(Task item) Would you return each record that follows word for word, without its pictures?

== Data to examine ==

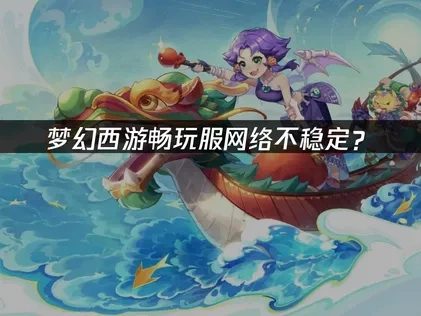 梦幻西游畅玩服怎么让网络更稳定？三招让你畅玩无忧！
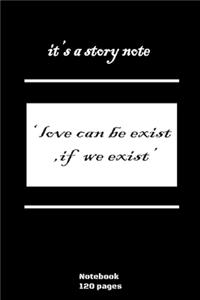 NoteNook - it's a story note ' love can be exist if we exist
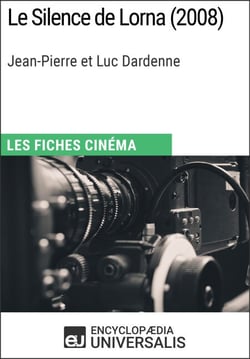 Le Silence de Lorna de Jean-Pierre et Luc Dardenne - Les Fiches Cinéma d'Universalis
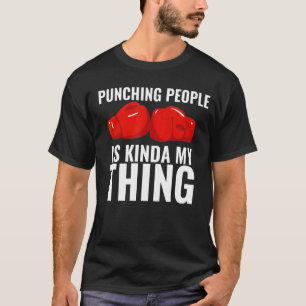 Boxen ist mein Ding Boxhandschuhe Boxer T-Shirt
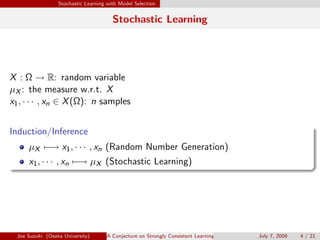 Stochastic Learning with Model Selection
Stochastic Learning
X : Ω → R: random variable
µX : the measure w.r.t. X
x1, · · ...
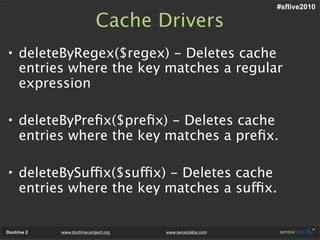 #sflive2010

                              Cache Drivers
• deleteByRegex($regex) - Deletes cache
  entries where the key matches a regular
  expression

• deleteByPreﬁx($preﬁx) - Deletes cache
  entries where the key matches a preﬁx.

• deleteBySuffix($suffix) - Deletes cache
  entries where the key matches a suffix.


Doctrine 2   www.doctrine-project.org   www.sensiolabs.com
 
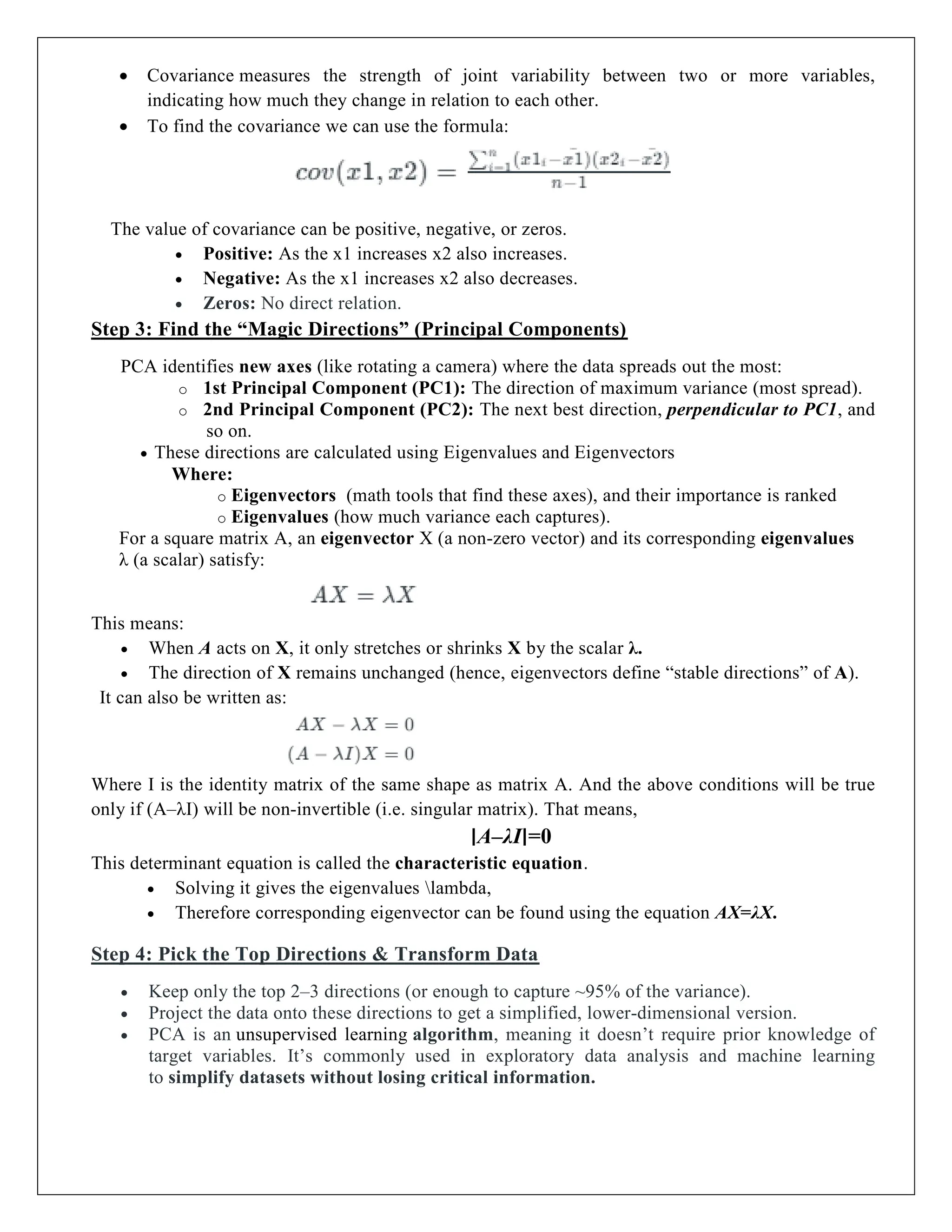  Covariance measures the strength of joint variability between two or more variables,
indicating how much they change in relation to each other.
 To find the covariance we can use the formula:
The value of covariance can be positive, negative, or zeros.
 Positive: As the x1 increases x2 also increases.
 Negative: As the x1 increases x2 also decreases.
 Zeros: No direct relation.
Step 3: Find the “Magic Directions” (Principal Components)
PCA identifies new axes (like rotating a camera) where the data spreads out the most:
o 1st Principal Component (PC1): The direction of maximum variance (most spread).
o 2nd Principal Component (PC2): The next best direction, perpendicular to PC1, and
so on.
 These directions are calculated using Eigenvalues and Eigenvectors
Where:
o Eigenvectors (math tools that find these axes), and their importance is ranked
o Eigenvalues (how much variance each captures).
For a square matrix A, an eigenvector X (a non-zero vector) and its corresponding eigenvalues
λ (a scalar) satisfy:
This means:
 When A acts on X, it only stretches or shrinks X by the scalar λ.
 The direction of X remains unchanged (hence, eigenvectors define “stable directions” of A).
It can also be written as:
Where I is the identity matrix of the same shape as matrix A. And the above conditions will be true
only if (A–λI) will be non-invertible (i.e. singular matrix). That means,
∣A–λI∣=0
This determinant equation is called the characteristic equation.
 Solving it gives the eigenvalues lambda,
 Therefore corresponding eigenvector can be found using the equation AX=λX.
Step 4: Pick the Top Directions & Transform Data
 Keep only the top 2–3 directions (or enough to capture ~95% of the variance).
 Project the data onto these directions to get a simplified, lower-dimensional version.
 PCA is an unsupervised learning algorithm, meaning it doesn’t require prior knowledge of
target variables. It’s commonly used in exploratory data analysis and machine learning
to simplify datasets without losing critical information.
 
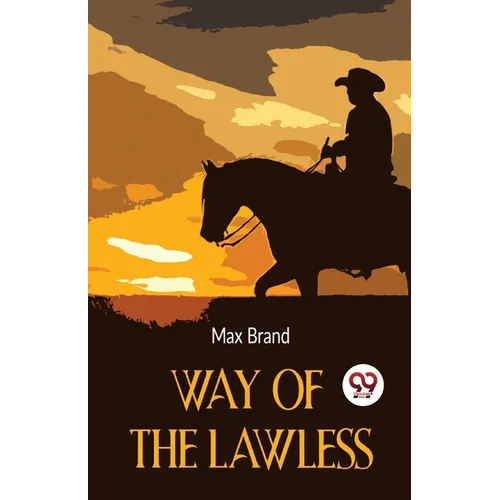 Way Of The Lawless - Paperback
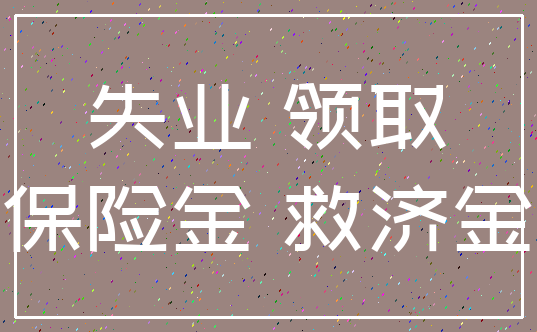 失业 领取_保险金 救济金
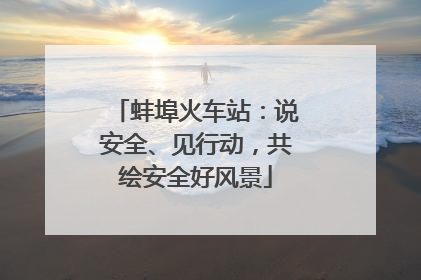 蚌埠火车站：说安全、见行动，共绘安全好风景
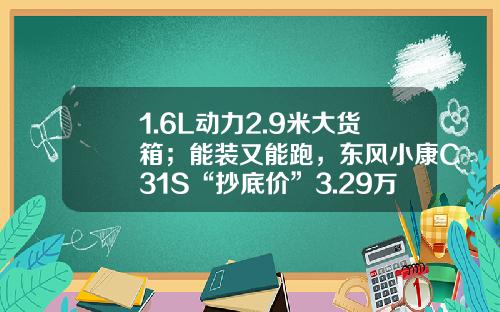 1.6L动力2.9米大货箱；能装又能跑，东风小康C31S“抄底价”3.29万！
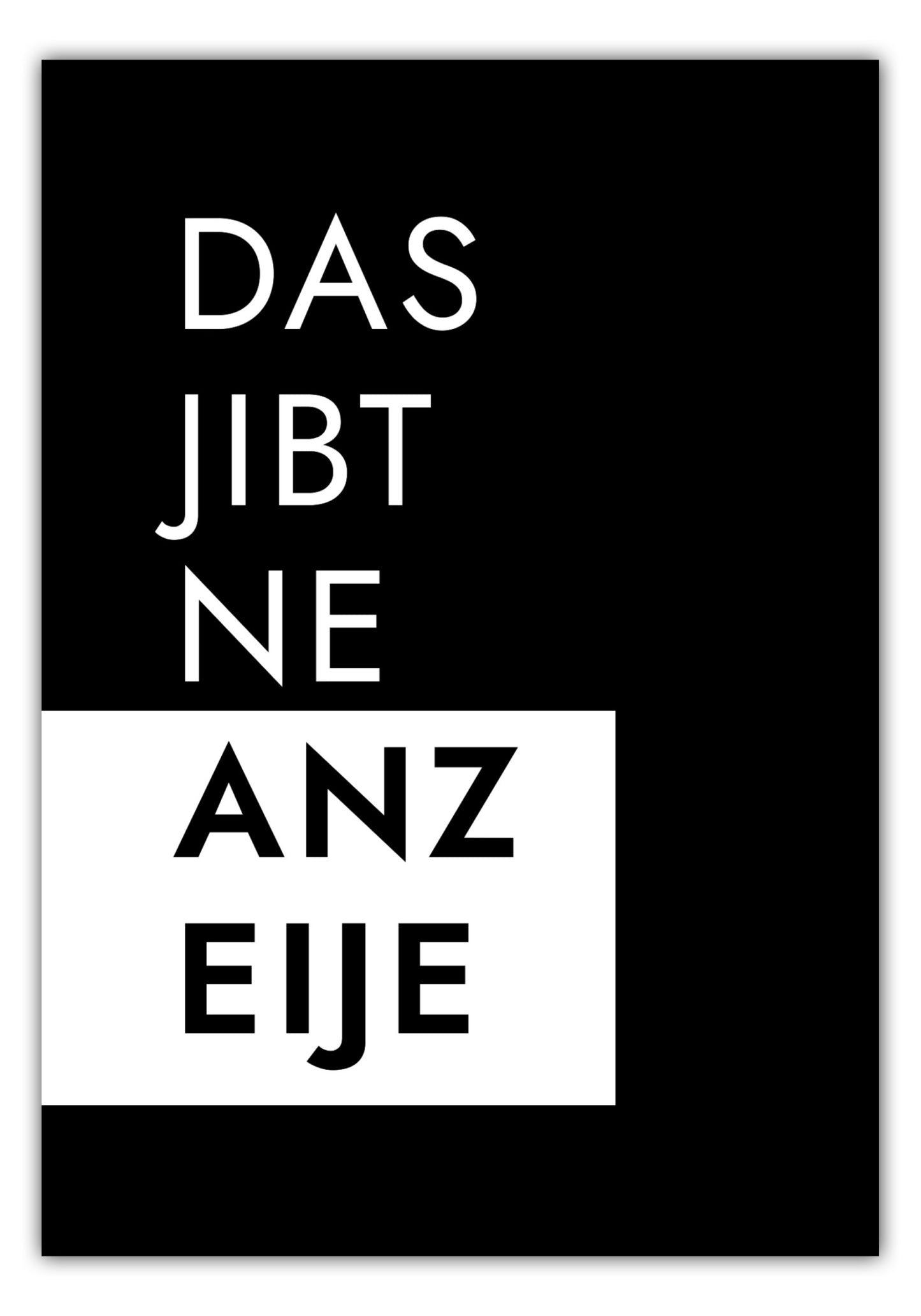 Poster Das jibt ne Anzeije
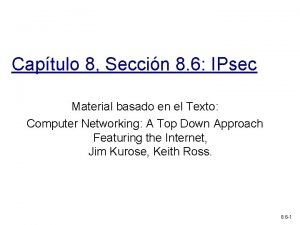 Captulo 8 Seccin 8 6 IPsec Material basado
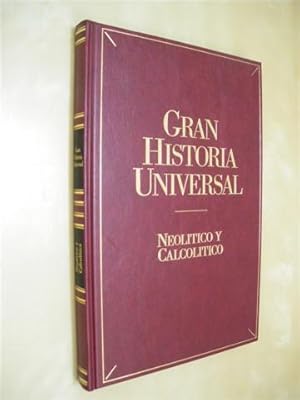 Imagen del vendedor de NEOLTICO Y CALCOLTICO. GRAN HISTORIA UNIVERSAL. VOL. II a la venta por LIBRERIA TORMOS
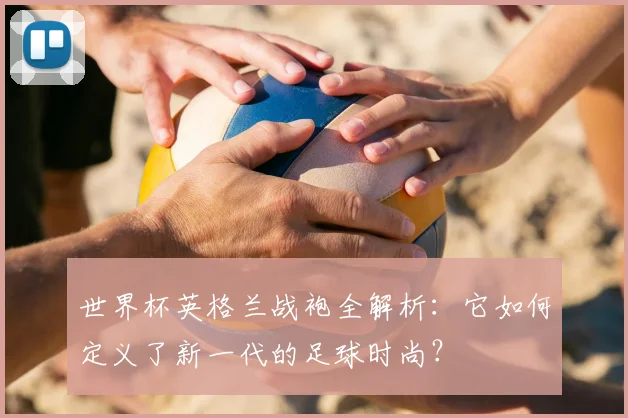 世界杯英格兰战袍全解析:它如何定义了新一代的足球时尚?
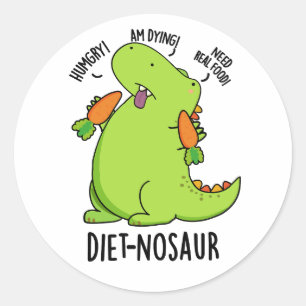 Dieet-nosaurus Grappige Dinosaurus Woordspelingen  Ronde Sticker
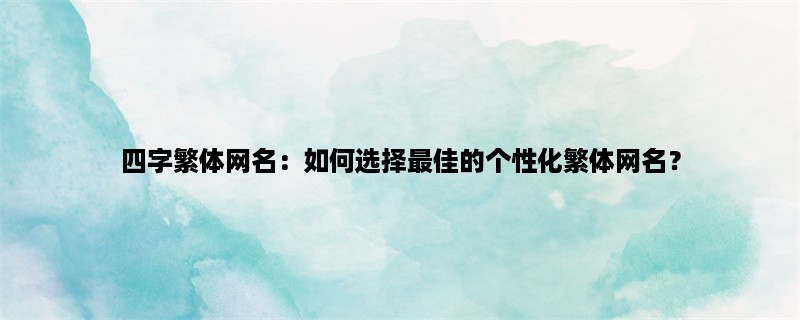 四字繁体网名：如何选择最佳的个性化繁体网名？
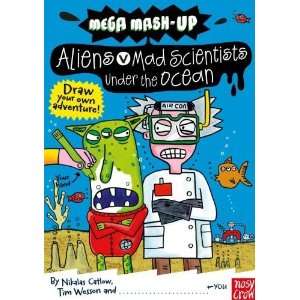  Mega Mash Up Aliens vs. Mad Scientists Under the Ocean 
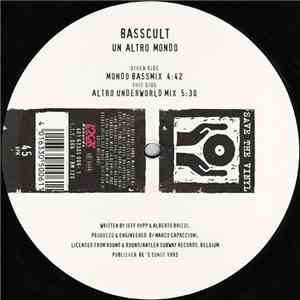 Basscult - Un Altro Mondo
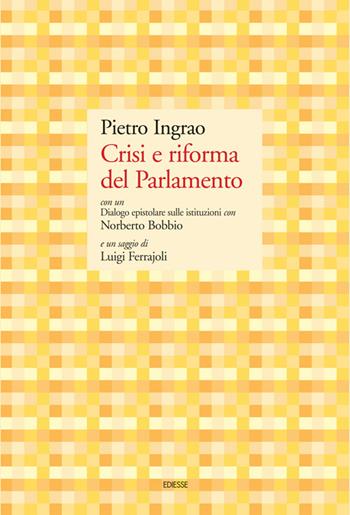 Crisi e riforma del Parlamento. Con un Dialogo epistolare sulle istituzioni con Norberto Bobbio e un saggio di Luigi Ferrajoli - Pietro Ingrao - Libro Futura Editrice 2014, Carte Pietro Ingrao | Libraccio.it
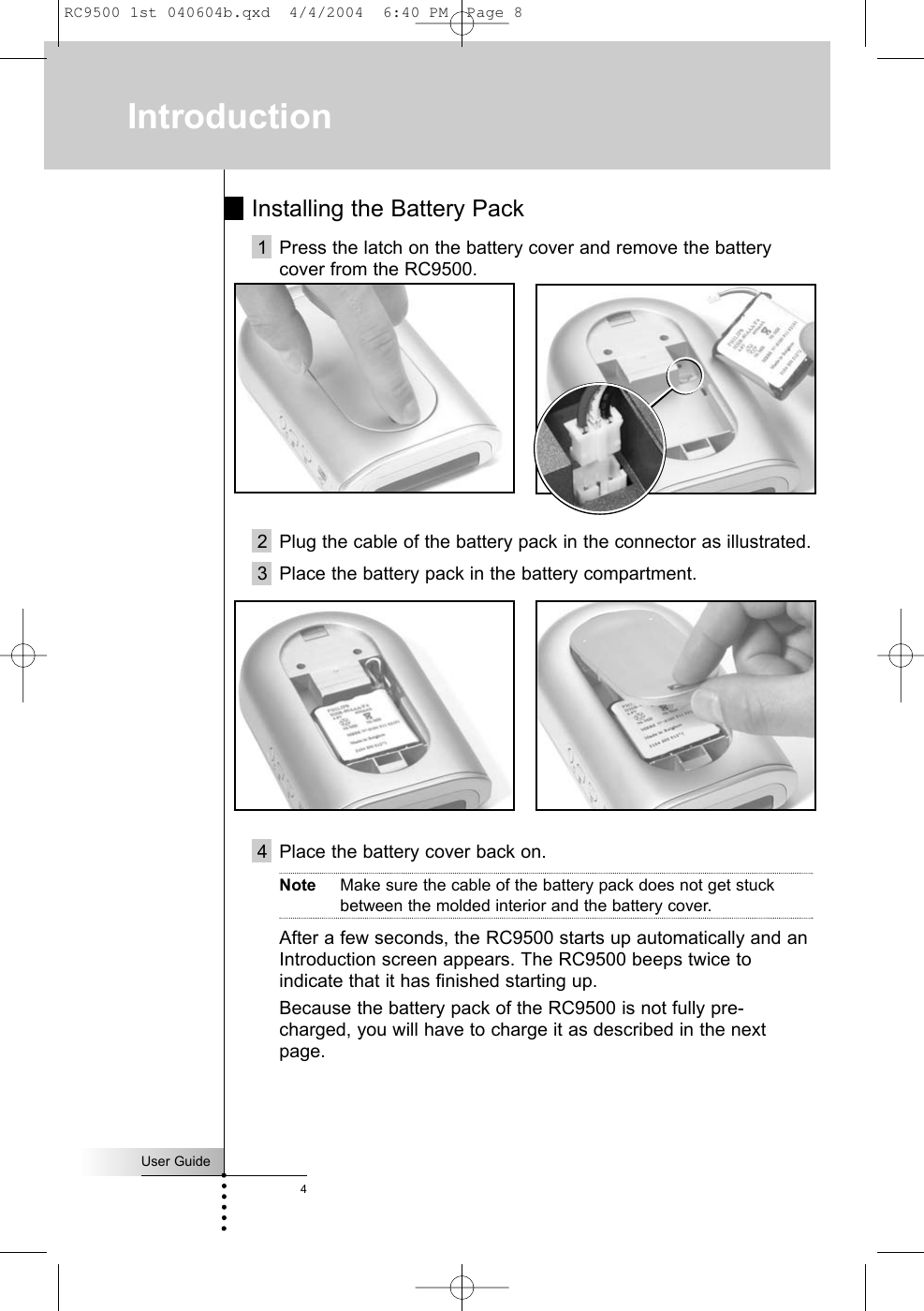 Installing the Battery Pack1 Press the latch on the battery cover and remove the batterycover from the RC9500.2 Plug the cable of the battery pack in the connector as illustrated. 3 Place the battery pack in the battery compartment.4 Place the battery cover back on.Note Make sure the cable of the battery pack does not get stuckbetween the molded interior and the battery cover.After a few seconds, the RC9500 starts up automatically and anIntroduction screen appears. The RC9500 beeps twice toindicate that it has finished starting up.  Because the battery pack of the RC9500 is not fully pre-charged, you will have to charge it as described in the nextpage.User Guide4IntroductionRC9500 1st 040604b.qxd  4/4/2004  6:40 PM  Page 8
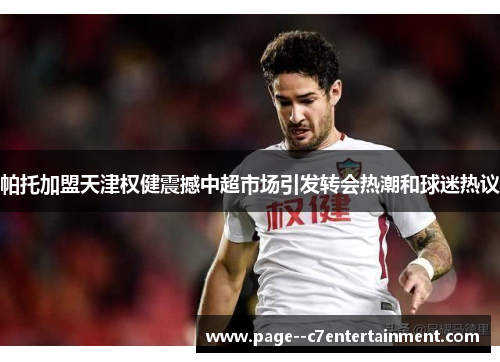 帕托加盟天津权健震撼中超市场引发转会热潮和球迷热议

===

(Written answer)
 梦幻西游畅玩服怎么让网络更稳定？三招让你畅玩无忧！
 NoteNook - it's a story note ' love can be exist if we exist
 Le Silence de Lorna de Jean-Pierre et Luc Dardenne - Les Fiches Cinéma d'Universalis
 Boxen ist mein Ding Boxhandschuhe Boxer T-Shirt
 Stochastic Learning with Model Selection
Stochastic Learning
X : Ω → R: random variable
µX : the measure w.r.t. X
x1, · · ...
 #sflive2010

                              Cache Drivers
• deleteByRegex($regex) - Deletes cache
  entries where the key matches a regular
  expression

• deleteByPreﬁx($preﬁx) - Deletes cache
  entries where the key matches a preﬁx.

• deleteBySuffix($suffix) - Deletes cache
  entries where the key matches a suffix.


Doctrine 2   www.doctrine-project.org   www.sensiolabs.com
 
  Covariance measures the strength of joint variability between two or more variables,
indicating how much they change in relation to each other.
 To find the covariance we can use the formula:
The value of covariance can be positive, negative, or zeros.
 Positive: As the x1 increases x2 also increases.
 Negative: As the x1 increases x2 also decreases.
 Zeros: No direct relation.
Step 3: Find the “Magic Directions” (Principal Components)
PCA identifies new axes (like rotating a camera) where the data spreads out the most:
o 1st Principal Component (PC1): The direction of maximum variance (most spread).
o 2nd Principal Component (PC2): The next best direction, perpendicular to PC1, and
so on.
 These directions are calculated using Eigenvalues and Eigenvectors
Where:
o Eigenvectors (math tools that find these axes), and their importance is ranked
o Eigenvalues (how much variance each captures).
For a square matrix A, an eigenvector X (a non-zero vector) and its corresponding eigenvalues
λ (a scalar) satisfy:
This means:
 When A acts on X, it only stretches or shrinks X by the scalar λ.
 The direction of X remains unchanged (hence, eigenvectors define “stable directions” of A).
It can also be written as:
Where I is the identity matrix of the same shape as matrix A. And the above conditions will be true
only if (A–λI) will be non-invertible (i.e. singular matrix). That means,
∣A–λI∣=0
This determinant equation is called the characteristic equation.
 Solving it gives the eigenvalues lambda,
 Therefore corresponding eigenvector can be found using the equation AX=λX.
Step 4: Pick the Top Directions & Transform Data
 Keep only the top 2–3 directions (or enough to capture ~95% of the variance).
 Project the data onto these directions to get a simplified, lower-dimensional version.
 PCA is an unsupervised learning algorithm, meaning it doesn’t require prior knowledge of
target variables. It’s commonly used in exploratory data analysis and machine learning
to simplify datasets without losing critical information.
 
 Way Of The Lawless - Paperback
 失业 领取_保险金 救济金
 蚌埠火车站：说安全、见行动，共绘安全好风景
 1.6L动力2.9米大货箱；能装又能跑，东风小康C31S“抄底价”3.29万！
 Poster Das jibt ne Anzeije
 Captulo 8 Seccin 8 6 IPsec Material basado
 Imagen del vendedor de NEOLTICO Y CALCOLTICO. GRAN HISTORIA UNIVERSAL. VOL. II a la venta por LIBRERIA TORMOS
 世界杯英格兰战袍全解析:它如何定义了新一代的足球时尚?
 Dieet-nosaurus Grappige Dinosaurus Woordspelingen  Ronde Sticker
 四字繁体网名：如何选择最佳的个性化繁体网名？
  Mega Mash Up Aliens vs. Mad Scientists Under the Ocean 
 Basscult - Un Altro Mondo
 Crisi e riforma del Parlamento. Con un Dialogo epistolare sulle istituzioni con Norberto Bobbio e un saggio di Luigi Ferrajoli - Pietro Ingrao - Libro Futura Editrice 2014, Carte Pietro Ingrao | Libraccio.it
 Installing the Battery Pack1 Press the latch on the battery cover and remove the batterycover from the RC9500.2 Plug the cable of the battery pack in the connector as illustrated. 3 Place the battery pack in the battery compartment.4 Place the battery cover back on.Note Make sure the cable of the battery pack does not get stuckbetween the molded interior and the battery cover.After a few seconds, the RC9500 starts up automatically and anIntroduction screen appears. The RC9500 beeps twice toindicate that it has finished starting up.  Because the battery pack of the RC9500 is not fully pre-charged, you will have to charge it as described in the nextpage.User Guide4IntroductionRC9500 1st 040604b.qxd  4/4/2004  6:40 PM  Page 8
 帕托加盟天津权健震撼中超市场引发转会热潮和球迷热议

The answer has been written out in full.